Pyruvate kinase M2 is a poor prognostic marker of and a therapeutic target in ovarian cancer.

Pyruvate kinase M2 (PKM2) regulates glycolysis and oxidative phosphorylation; however, the role of PKM2 in ovarian cancer remains largely unknown. We investigated whether ovarian cancer metabolism could provide insight into the development of therapeutic strategies. We performed immunohistochemical staining for PKM2 on a tissue microarray for multivariate analysis.
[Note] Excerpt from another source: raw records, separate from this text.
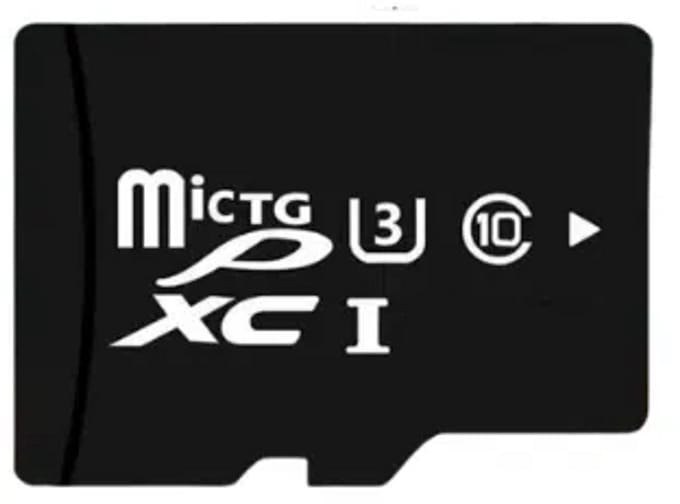 DrPhone MSI – XC U3 - 64GB Micro SD Kaart Opslag - Met SD Adapter - High Speed Klasse 10 - Premium Opslag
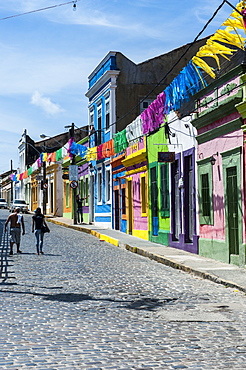 Olinda, UNESCO World Heritage Site, Pernambuco, Brazil, South America 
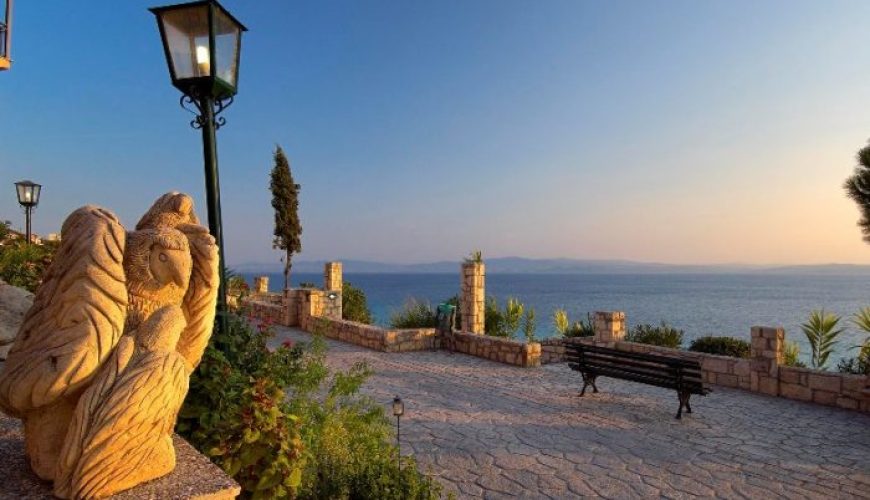 Άφυτος: Ένα από τα πιο όμορφα χωριά της Χαλκιδικής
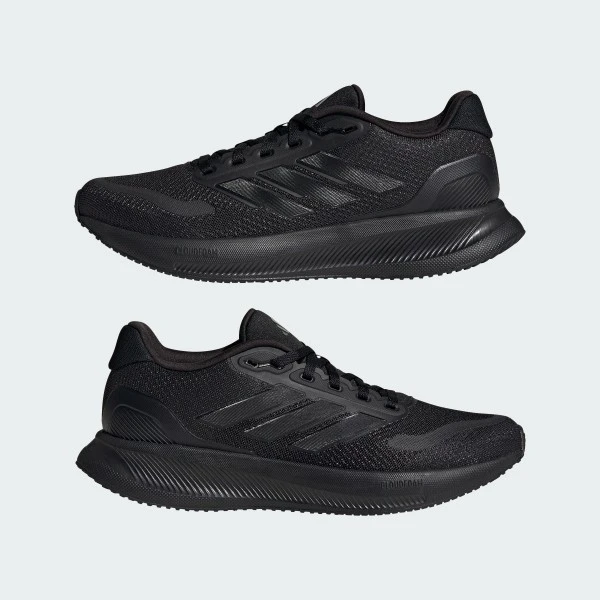 Кросівки жіночі Adidas Runfalcon 5 Running Black (IE8828) — фото 8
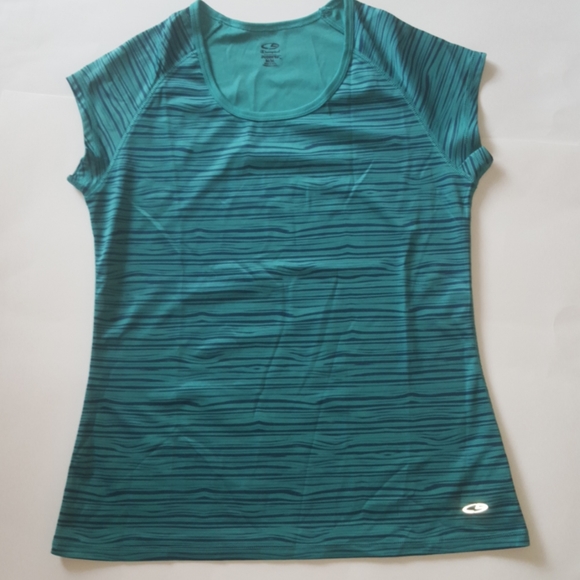 Champion Athletic DuoDry Cap Sleeve Tee NWOT - Picture 6 of 9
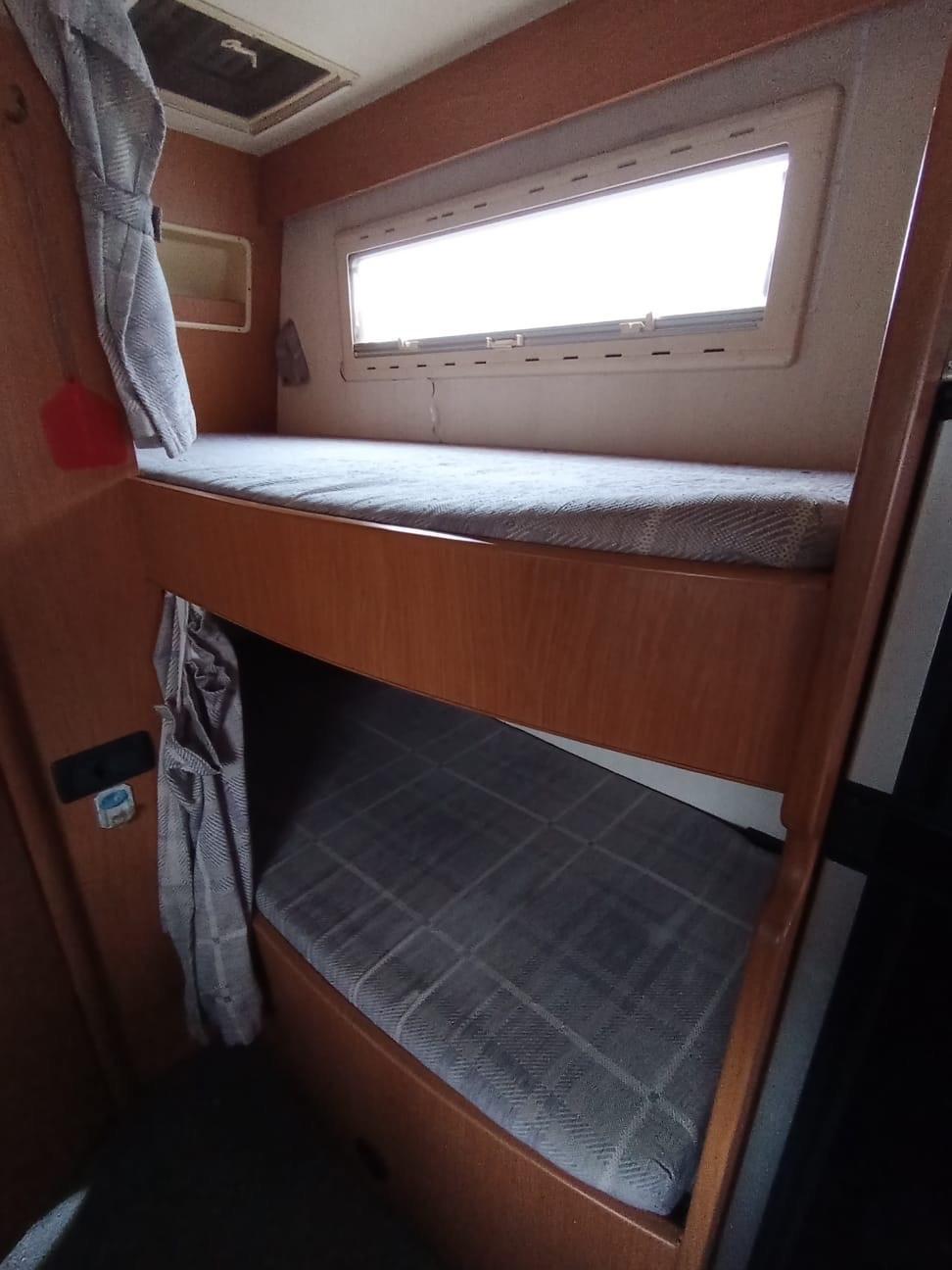 227 motorhome laika Ecovip del 2004 in saldo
It revealed that patients exhibiting higher PKM2 expression were significantly associated with malignancy groups (p < 0.001) and pathogenesis models (p < 0.001), had poor progression-free survival rates (p = 0.01) as compared with patients exhibiting lower PKM2 levels, and yielded a hazard ratio of death of 2.02 (95% confidence interval: 0.70-5.85). In cell lines, PKM2 inhibitor significantly inhibited the glycolytic rate according to cellular glucose consumption (p < 0.001). We also utilized Seahorse assays to assess metabolism-related cell-specific factors and the impact of PKM2 inhibitors. Energy shifts as per Seahorse analysis showed attenuation of the extracellular acidification rate (p < 0.05) and no significant difference in oxygen-consumption rate in SKOV3 cells. Treatment with PKM2 inhibitor suppressed ovarian cancer growth and cell migration in vitro and inhibited tumor growth without significant toxicity in a xenograft study. PKM2 inhibition disturbed Warburg effects and inhibited ovarian cancer cell growth. Targeting PKM2 may constitute a promising therapy for patients with ovarian cancer, and clinical trials involving shikonin are warranted.